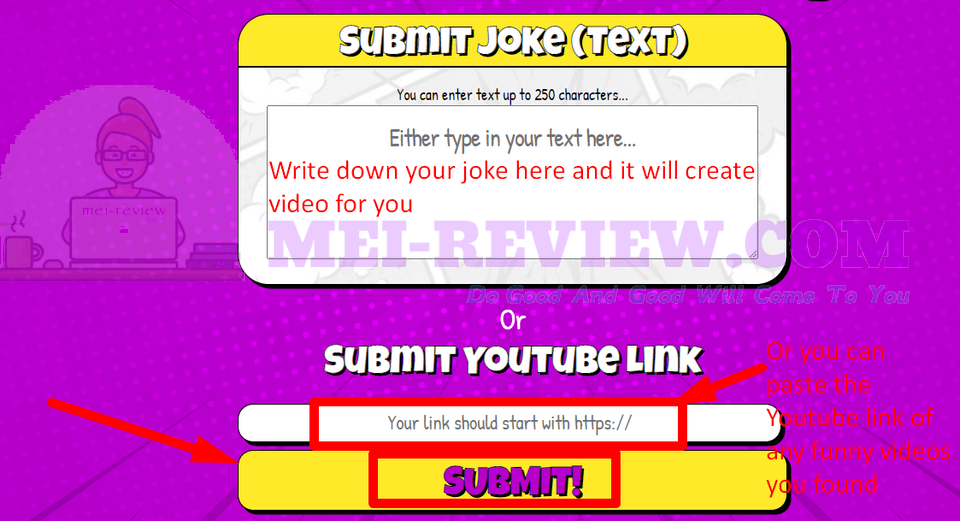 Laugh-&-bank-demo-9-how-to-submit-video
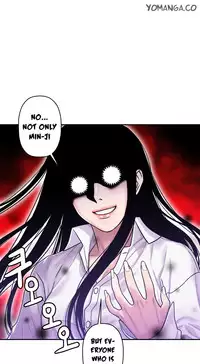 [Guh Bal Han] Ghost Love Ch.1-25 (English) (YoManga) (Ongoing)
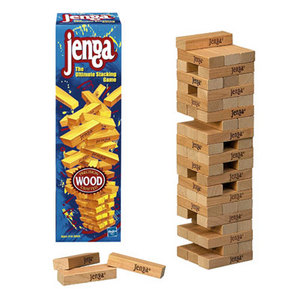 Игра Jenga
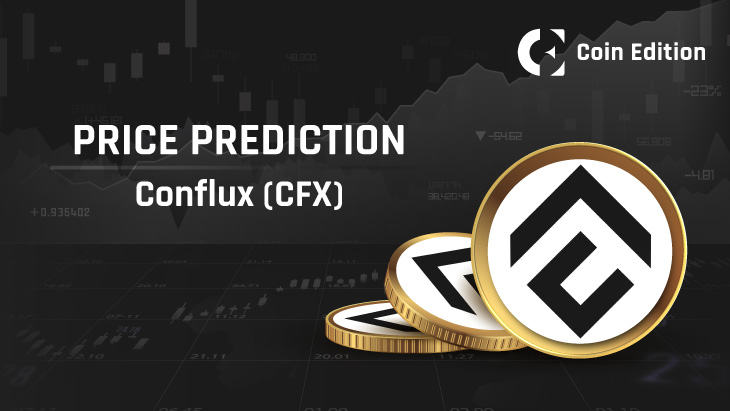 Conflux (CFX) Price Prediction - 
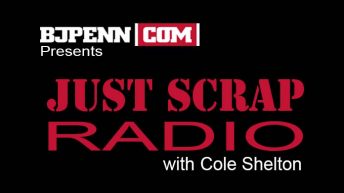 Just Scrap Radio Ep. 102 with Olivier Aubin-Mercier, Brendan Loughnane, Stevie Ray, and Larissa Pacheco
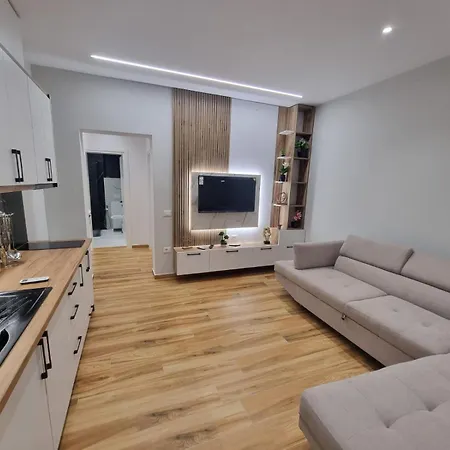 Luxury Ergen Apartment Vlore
==
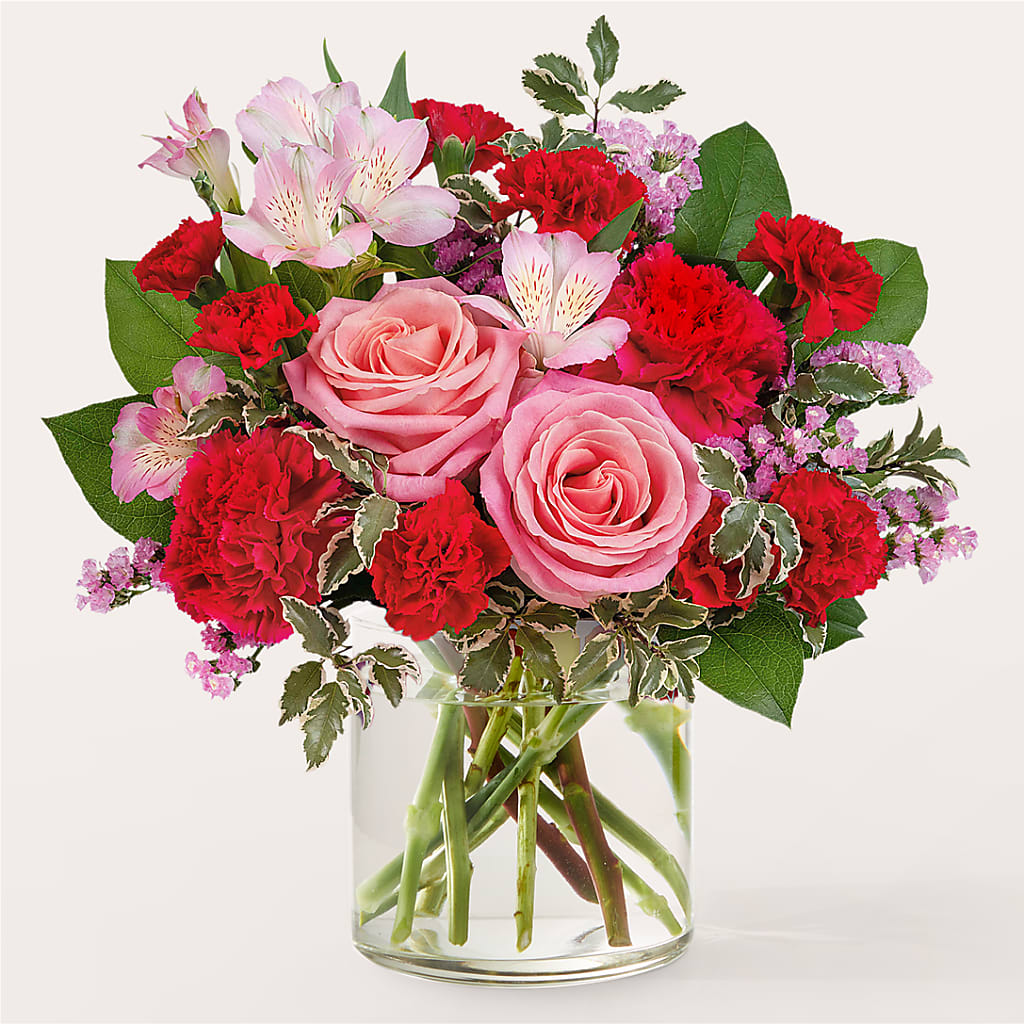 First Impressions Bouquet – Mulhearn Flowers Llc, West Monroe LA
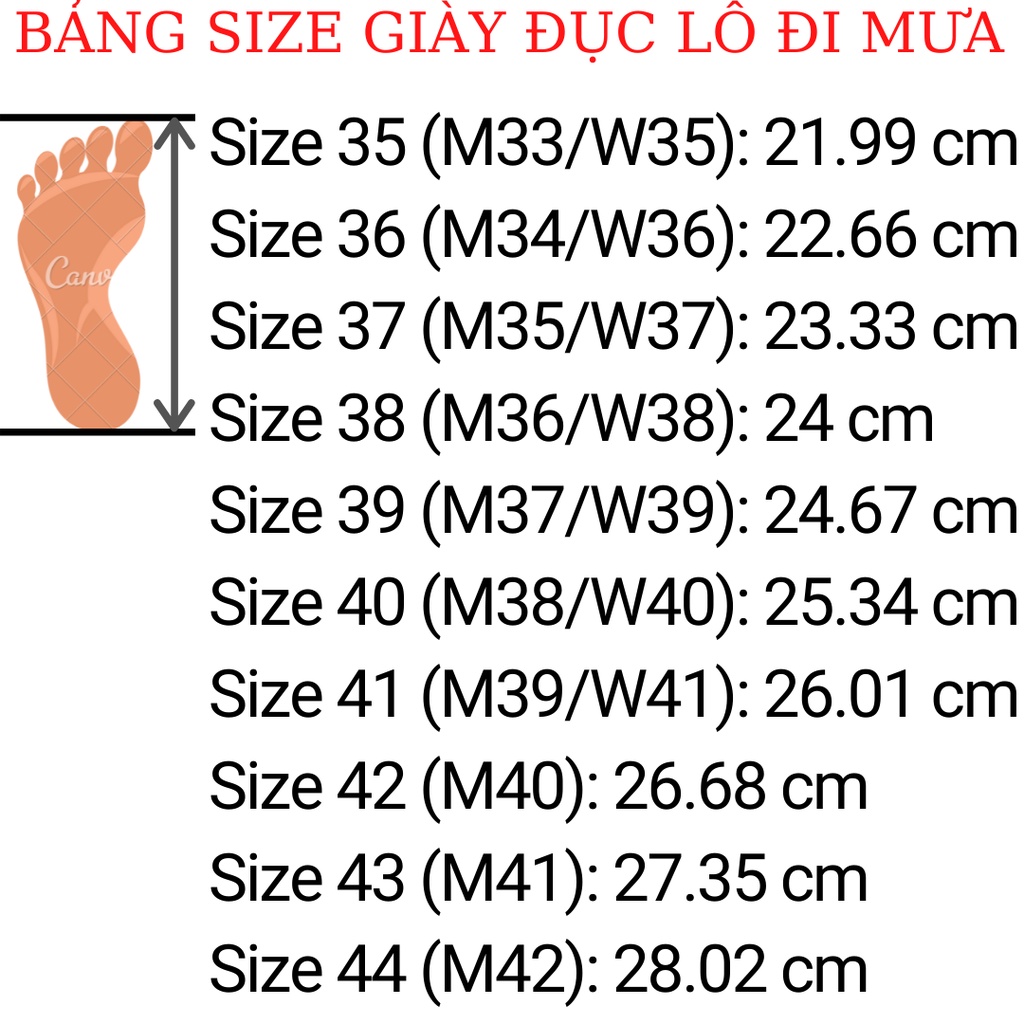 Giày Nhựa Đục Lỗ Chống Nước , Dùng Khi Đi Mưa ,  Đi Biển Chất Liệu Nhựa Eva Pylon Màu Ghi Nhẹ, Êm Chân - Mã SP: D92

*The problem*: Set the pictures aside and transcribe exactly the stretch of lines above, beginning with the one holding "Conflux (CFX) Price" and ending with the one holding "Luxury Ergen Apartment Vlore".

*Answer section*:
 Conflux (CFX) Price Prediction - 
 Just Scrap Radio Ep. 102 with Olivier Aubin-Mercier, Brendan Loughnane, Stevie Ray, and Larissa Pacheco
 Luxury Ergen Apartment Vlore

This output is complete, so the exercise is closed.